▶ [Your objective] Reproduce the data below line by line, from its first line to the line with "Người dân đón xem pháo hoa tại bến Bạch Đằng", both included, and nothing past that point.

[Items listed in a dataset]

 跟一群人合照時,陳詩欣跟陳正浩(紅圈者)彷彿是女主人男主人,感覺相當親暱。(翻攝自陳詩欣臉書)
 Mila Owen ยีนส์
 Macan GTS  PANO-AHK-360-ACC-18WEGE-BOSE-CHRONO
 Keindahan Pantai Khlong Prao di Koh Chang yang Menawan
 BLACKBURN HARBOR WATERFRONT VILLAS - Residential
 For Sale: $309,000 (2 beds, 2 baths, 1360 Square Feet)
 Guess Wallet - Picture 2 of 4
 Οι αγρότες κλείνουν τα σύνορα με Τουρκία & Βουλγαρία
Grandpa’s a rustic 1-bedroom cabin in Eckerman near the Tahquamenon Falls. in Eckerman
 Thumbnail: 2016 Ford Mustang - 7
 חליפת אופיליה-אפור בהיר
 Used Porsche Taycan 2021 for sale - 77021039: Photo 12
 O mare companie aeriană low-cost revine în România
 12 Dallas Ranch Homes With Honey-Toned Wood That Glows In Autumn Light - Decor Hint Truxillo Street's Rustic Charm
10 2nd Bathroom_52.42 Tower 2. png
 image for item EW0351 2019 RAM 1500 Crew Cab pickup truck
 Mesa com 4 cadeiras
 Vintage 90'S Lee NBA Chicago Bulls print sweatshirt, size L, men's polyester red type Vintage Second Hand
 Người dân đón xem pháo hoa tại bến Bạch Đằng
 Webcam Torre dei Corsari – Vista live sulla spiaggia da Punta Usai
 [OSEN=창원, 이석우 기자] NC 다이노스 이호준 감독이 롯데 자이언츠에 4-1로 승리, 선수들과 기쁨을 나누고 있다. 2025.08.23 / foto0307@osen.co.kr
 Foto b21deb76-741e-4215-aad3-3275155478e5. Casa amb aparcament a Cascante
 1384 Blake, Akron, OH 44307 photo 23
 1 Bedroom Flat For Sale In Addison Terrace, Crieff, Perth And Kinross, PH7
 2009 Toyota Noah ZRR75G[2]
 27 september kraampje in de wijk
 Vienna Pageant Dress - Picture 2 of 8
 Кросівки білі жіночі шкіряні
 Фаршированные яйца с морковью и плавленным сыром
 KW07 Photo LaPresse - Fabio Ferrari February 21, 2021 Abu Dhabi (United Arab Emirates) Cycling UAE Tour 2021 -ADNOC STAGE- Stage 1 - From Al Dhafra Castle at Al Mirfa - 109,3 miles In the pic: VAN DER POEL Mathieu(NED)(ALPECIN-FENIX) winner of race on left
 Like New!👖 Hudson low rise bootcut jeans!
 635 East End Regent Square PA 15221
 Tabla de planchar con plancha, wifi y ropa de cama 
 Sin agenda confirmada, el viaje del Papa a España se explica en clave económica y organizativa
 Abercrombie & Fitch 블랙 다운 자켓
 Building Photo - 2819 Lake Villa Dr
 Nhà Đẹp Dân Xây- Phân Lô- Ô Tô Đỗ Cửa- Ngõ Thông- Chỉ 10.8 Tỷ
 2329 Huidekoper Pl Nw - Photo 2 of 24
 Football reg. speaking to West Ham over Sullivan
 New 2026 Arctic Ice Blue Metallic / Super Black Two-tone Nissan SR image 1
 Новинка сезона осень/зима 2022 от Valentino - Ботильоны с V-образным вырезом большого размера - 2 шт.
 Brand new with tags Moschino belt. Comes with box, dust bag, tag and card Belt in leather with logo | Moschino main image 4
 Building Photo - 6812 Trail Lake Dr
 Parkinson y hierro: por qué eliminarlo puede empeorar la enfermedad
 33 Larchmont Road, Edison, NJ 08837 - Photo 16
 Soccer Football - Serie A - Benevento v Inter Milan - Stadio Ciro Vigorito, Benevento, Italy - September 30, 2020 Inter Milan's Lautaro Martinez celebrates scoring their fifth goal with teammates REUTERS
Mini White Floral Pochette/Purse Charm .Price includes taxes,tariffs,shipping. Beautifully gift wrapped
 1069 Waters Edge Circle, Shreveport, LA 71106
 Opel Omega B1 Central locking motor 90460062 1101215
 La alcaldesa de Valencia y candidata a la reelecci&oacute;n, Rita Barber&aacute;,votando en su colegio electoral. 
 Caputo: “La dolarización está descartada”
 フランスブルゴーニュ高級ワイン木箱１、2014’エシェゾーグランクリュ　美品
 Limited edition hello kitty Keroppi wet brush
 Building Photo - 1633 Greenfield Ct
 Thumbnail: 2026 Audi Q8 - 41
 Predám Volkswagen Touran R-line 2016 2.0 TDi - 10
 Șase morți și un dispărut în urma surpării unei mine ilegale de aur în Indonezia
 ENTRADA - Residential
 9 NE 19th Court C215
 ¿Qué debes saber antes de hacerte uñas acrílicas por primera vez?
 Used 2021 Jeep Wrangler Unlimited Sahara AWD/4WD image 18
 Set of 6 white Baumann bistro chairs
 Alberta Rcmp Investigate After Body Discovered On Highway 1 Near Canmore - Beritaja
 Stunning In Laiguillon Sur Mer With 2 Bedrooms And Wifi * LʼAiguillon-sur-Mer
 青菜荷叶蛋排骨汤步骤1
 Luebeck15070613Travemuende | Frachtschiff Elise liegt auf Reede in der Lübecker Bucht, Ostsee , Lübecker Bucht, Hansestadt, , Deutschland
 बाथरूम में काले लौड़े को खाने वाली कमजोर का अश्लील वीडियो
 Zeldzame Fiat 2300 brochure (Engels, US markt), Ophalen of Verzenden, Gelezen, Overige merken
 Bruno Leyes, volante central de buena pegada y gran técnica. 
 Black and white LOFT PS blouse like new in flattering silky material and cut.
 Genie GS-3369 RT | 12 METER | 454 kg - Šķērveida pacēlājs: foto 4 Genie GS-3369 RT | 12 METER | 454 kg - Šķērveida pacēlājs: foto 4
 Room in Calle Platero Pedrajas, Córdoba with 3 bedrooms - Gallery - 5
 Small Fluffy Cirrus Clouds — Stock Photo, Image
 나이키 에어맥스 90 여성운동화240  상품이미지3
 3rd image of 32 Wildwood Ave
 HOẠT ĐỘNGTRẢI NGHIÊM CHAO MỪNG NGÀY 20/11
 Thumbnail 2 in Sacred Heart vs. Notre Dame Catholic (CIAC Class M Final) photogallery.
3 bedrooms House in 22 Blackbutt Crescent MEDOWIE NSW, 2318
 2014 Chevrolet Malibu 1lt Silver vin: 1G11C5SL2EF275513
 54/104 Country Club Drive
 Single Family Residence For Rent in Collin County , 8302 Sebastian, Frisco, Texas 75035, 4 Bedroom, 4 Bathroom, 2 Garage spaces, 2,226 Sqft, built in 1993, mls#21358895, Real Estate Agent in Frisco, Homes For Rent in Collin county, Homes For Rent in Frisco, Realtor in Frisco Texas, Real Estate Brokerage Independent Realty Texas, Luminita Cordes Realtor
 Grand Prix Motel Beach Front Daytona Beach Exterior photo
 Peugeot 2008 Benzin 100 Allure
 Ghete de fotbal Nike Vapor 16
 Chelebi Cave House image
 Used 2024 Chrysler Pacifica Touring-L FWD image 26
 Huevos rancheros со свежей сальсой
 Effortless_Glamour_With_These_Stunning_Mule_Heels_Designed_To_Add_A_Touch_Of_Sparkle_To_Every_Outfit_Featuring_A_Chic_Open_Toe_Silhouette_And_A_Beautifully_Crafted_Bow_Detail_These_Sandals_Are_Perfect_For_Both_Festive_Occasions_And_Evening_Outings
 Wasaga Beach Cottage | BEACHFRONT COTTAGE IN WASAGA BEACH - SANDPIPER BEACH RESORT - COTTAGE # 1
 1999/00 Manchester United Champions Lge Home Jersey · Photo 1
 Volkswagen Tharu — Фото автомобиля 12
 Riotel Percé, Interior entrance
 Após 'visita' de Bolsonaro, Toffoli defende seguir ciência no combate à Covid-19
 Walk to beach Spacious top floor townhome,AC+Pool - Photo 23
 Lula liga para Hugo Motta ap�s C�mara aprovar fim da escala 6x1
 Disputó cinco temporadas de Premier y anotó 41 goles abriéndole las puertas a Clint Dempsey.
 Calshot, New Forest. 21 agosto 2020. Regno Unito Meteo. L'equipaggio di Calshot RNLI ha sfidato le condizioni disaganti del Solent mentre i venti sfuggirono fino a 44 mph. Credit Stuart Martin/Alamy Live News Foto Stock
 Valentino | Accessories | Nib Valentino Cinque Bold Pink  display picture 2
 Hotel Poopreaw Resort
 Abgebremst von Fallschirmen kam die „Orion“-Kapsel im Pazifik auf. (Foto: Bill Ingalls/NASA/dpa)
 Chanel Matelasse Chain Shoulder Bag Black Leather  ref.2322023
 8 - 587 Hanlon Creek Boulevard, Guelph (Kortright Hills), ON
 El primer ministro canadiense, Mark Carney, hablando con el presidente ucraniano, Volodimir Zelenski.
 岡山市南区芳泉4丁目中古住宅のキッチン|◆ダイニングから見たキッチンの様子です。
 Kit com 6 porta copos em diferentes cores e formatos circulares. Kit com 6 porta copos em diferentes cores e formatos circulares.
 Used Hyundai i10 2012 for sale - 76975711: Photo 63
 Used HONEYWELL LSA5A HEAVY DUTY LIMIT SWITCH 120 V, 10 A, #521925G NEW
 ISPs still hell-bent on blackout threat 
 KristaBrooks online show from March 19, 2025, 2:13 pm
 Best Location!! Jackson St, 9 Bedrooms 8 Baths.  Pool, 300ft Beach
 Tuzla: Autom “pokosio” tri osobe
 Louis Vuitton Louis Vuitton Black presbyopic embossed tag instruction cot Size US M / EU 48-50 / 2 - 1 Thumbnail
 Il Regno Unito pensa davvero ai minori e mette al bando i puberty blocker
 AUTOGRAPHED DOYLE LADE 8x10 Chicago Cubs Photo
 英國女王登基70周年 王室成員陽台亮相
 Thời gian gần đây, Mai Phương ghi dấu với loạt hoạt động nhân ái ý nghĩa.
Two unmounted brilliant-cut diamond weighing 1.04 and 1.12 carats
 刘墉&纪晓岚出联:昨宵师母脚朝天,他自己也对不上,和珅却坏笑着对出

▶ [Result of this task]
 跟一群人合照時,陳詩欣跟陳正浩(紅圈者)彷彿是女主人男主人,感覺相當親暱。(翻攝自陳詩欣臉書)
 Mila Owen ยีนส์
 Macan GTS  PANO-AHK-360-ACC-18WEGE-BOSE-CHRONO
 Keindahan Pantai Khlong Prao di Koh Chang yang Menawan
 BLACKBURN HARBOR WATERFRONT VILLAS - Residential
 For Sale: $309,000 (2 beds, 2 baths, 1360 Square Feet)
 Guess Wallet - Picture 2 of 4
 Οι αγρότες κλείνουν τα σύνορα με Τουρκία & Βουλγαρία
Grandpa’s a rustic 1-bedroom cabin in Eckerman near the Tahquamenon Falls. in Eckerman
 Thumbnail: 2016 Ford Mustang - 7
 חליפת אופיליה-אפור בהיר
 Used Porsche Taycan 2021 for sale - 77021039: Photo 12
 O mare companie aeriană low-cost revine în România
 12 Dallas Ranch Homes With Honey-Toned Wood That Glows In Autumn Light - Decor Hint Truxillo Street's Rustic Charm
10 2nd Bathroom_52.42 Tower 2. png
 image for item EW0351 2019 RAM 1500 Crew Cab pickup truck
 Mesa com 4 cadeiras
 Vintage 90'S Lee NBA Chicago Bulls print sweatshirt, size L, men's polyester red type Vintage Second Hand
 Người dân đón xem pháo hoa tại bến Bạch Đằng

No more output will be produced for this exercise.